Mr. FULTON. You can see what it amounts to. When you deobligate and then use it for another program that has not been submitted to Congress, you are in effect legislating a new program with the money that we had put up for a primary program that for one reason or another has not been carried out.

Mr. VORYS. Another of these items that impressed some of us was the duplicate obligation-you could call it overprocurement-of $80,728,492 on M-24 and M-41 tanks. Again, I assume that item has been called to your attention. I wonder what is the explanation to that.

Mr. HALABY. I will ask General Russell or Colonel Corbett for that. General RUSSELL. Sir, do you want an explanation of how that

happened or do you want an explanation of how that fits and how that will be corrected under the new rules?

Mr. VORYS. I wanted two things. First, how it is reflected in these figures here. Have we got 80 million more in there for tanks than we have got tanks and is that going to be picked up later, or has it been taken out or where do we stand on it?
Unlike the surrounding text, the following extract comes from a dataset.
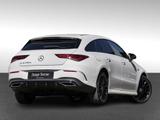 Mercedes-Benz CLA 250e SB AMG|NIGHT|DISTR|PANO|MBEAM|19''LM - Mercedes-Benz CLA 250 Shooting Brake Plug-in Hybrid (PHEV) Gebrauchtwagen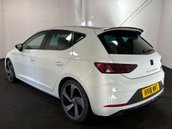 SEAT Leon 2.0 Leon Cupra 300 TSi Semi-Auto 5dr 3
General RUSSELL. In the obligations figures as presented under the old rules, I think we have $80 million indicated as obligated for tanks beyond the actual MDAP requirements for tanks.

Mr. VORYS. How did we ever do such a thing? What they did, as I understand it, was to cut down the number but made no change in the bookkeeping item.

General RUSSELL. It was not quite that, sir. The MDAP money was used to order new tanks. When these tanks were ready for allocation, which had been procured with MDAP money, they were given to the Army. Instead of these tanks the Army furnished a different type of tank from Army stocks for MDAP, and the bookkeeping resulted in MDAP being charged for both the new tanks, the procurement tanks, and the tanks which were furnished from Army stock.

Mr. VORYS. I thought that was another item. I thought it was the M-26 tanks were MDAP was charged $200,000 for $81,000 tanks.

General RUSSELL. That is incorrect. As far as I know, MDAP was only charged the proper price for the M-26 tank, which is about $136,000. But the point was, they were also charged for the M—47 tanks which they did not get.

Mr. VORYS. In our notes on the investigation, we have got M-24's and B-47's and M-26's and we understand there were two sets of duplicate obligations or overcharges. Are you familiar with that?

General RUSSELL. The same thing happened with respect to the T-41 or M-41 light tank and the M-24 light tank. What I was talking about was the medium tanks. A similar situation did occur in the light-tank field.

Mr. VORYS. In this very able and clear summary that has been presented here today, are the duplicate obligations in or out of the totals that end up on the first page with available fiscal year 1945 program of 378 million?

Colonel CORBETT. Mr. Chairman, on the figures we have given you there of the dual obligation, it amounts to about 450 million. They are all taken out of the figures as we have reported them here today. The dual obligation where it occurred against service stock, that is also taken care of in our figure under the new rules of how much money we will have under obligation on June 30, 1953.

Mr. VORYS. Then why did we not end up with $450 million available for fiscal year for 1954?

Colonel CORBETT. We had 10 items on this program. We obligated the money for those items against procurement. The Department of the Army furnished four of those items from stock and they charged us for those items. So actually we were charged momentarily for 14 items. We only had 10 on the program.

There were four other items which were on the program which we would not have money to pay for if we had them delivered at that particular moment. We were bankrupt. Therefore, our total amount

of money is the same. For every dollar we have an item on the program which, if delivered, we will have to pay for.

Internally, you have overobligated for some items and you do not have money. Actually, if you could deliver the item you would not have money to pay for it until you got these overobligations straightened out.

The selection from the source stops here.